When most of us think about environmental hazards, our minds are drawn to the weather (floods, storms, etc). But often, that weather is part of what causes a less-thought-of danger: falling trees.
Trees do way much more good than bad, but if not looked after, they can also cause serious damage when branches or whole tree falls on homes, power lines, cars, or people.
Fortunately, there are warning signs you can look for that show danger may be imminent. Start by inspecting each tree on your property in a very systematic way. Here are some things to look for:
Start at the top. Trees that have been topped (the top is cut off) present dangers in several ways. First, topped trees are more susceptible to diseases that can weaken them. They are also prone to being top heavy because of excessive crown regrowth and weakly attached upper branches.
A dead tree or branches. One of the more common situations to arise is dead trees or branches. They are generally the most immediate danger and should be removed immediately. Pay particular attention after nasty weather, when branches may be broken and ready to fall at any time. (See why tree removal is not a good DIY project.)
Insects and disease. These can also lead to serious tree hazards. While an arborist is better suited for identifying the specific insect or disease that is causing a problem, an attentive amateur can at least notice there is a problem.

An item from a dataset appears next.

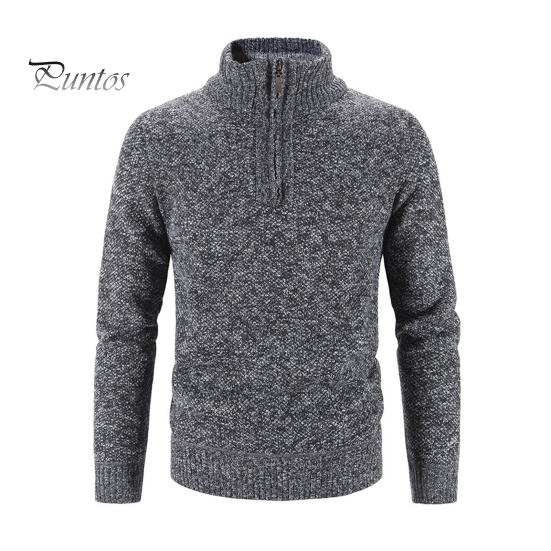 

Мужской свитер, пальто, полумолния, трикотаж, эластичный, с длинными рукавами, воротником-стойкой, верхняя одежда, чистый цвет, повседневная одежда в английском стиле, школьный свитер средней длины XL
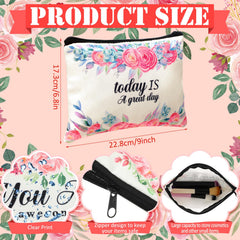 Pinkunn flower canvas makeup bag featuring inspirational words to brighten your routine.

While some diseases cause internal rot that is invisible to the naked eye, often evidence will be displayed through the presence of mushrooms, which may be a sign of decay-causing fungi. Other times, the problem can be clearly seen via rotted wood or even a cavity in the tree. While not every hole is a big risk, you don’t have to be a certified arborist to suspect that this could compromise the tree’s structural integrity.
Look for growth patterns. Even just how a tree is growing naturally can spell trouble. For instance, codominant trunks or branches (trunks that are parallel to one another or branches formed at an acute angle) can become a problem. Codominant branches can form what’s called “included bark” which forms between the two branches. This weakens the area where they come together.
While this doesn’t include every sign you can look for that you have a tree hazard, if you can begin to recognize many of the warning signs and know when you need to take action, you can reduce the risks to you, your family, and to anyone else who may come within reach of the trees on your property.